Defunct tennis tournament
- Tour: ILTF World Circuit
- Founded: 1907; 119 years ago
- Abolished: 2004; 22 years ago
- Location: Bielefeld, North Rhine-Westphalia, Germany
- Venue: Bielefeld Tennis Tournament Club (1907-1981) Bielefeld Tennis Club Games and Sports (1984-2004)
- Surface: Clay / outdoor

= Bielefeld Challenger =

The Bielefeld Challenger or ATP Challenger Bielefeld was a men's clay court tennis tournament founded in 1907 as combined event called the Bielefeld Tennis Tournament.

In 1949 the tournament was branded as the Bielefeld International until 1981. The tournament was first played at the Bielefeld Tennis Tournament Club (BTTC), then later at the Bielefeld Tennis Club Games and Sports, Bielefeld, Germany until 2004.

==History==
In 1905 the Bielefeld Tennis Tournament Club BTTC) was founded in 1905. In 1907 it established the Bielefeld Tennis Tournament that ran annually until just before World War II. In 1949 following the second world war the event was rebranded as the Bielefeld International Tennis Tournament, that ran annually as part of the ILTF World Circuit until 1970 when it was downgraded from the main worldwide tour.

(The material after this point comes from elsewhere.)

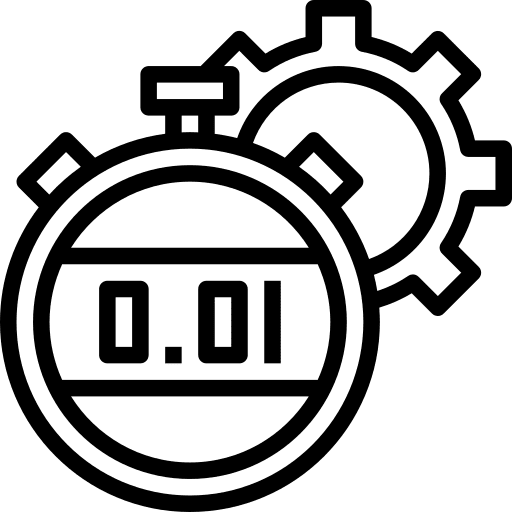 Chronometer stopwatch gear time and date icon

In 1973 the tournament was revived at a new venue the Bielefeld Tennis Club Games and Sports (Tennisclub Spiel und Sport Bielefeld) founded in 1909, and was part of the ILTF Independent Circuit until 1975. In 1976 the tournament became part of the German National Grand Prix Series (Deutsche Grand-Prix-Serie) until 1981 when it was discontinued again. In 1984 the event was revived as an ATP Challenger tournament played at the same venue, however this was not a permanent fixture in the tennis calendar as the tournament was held only for three more editions in 1991, 1998 and 2004 when it was abolished. As of 2024 an international tournament is currently being held back at the original venue called the International Westphalian Senior Tennis Championships.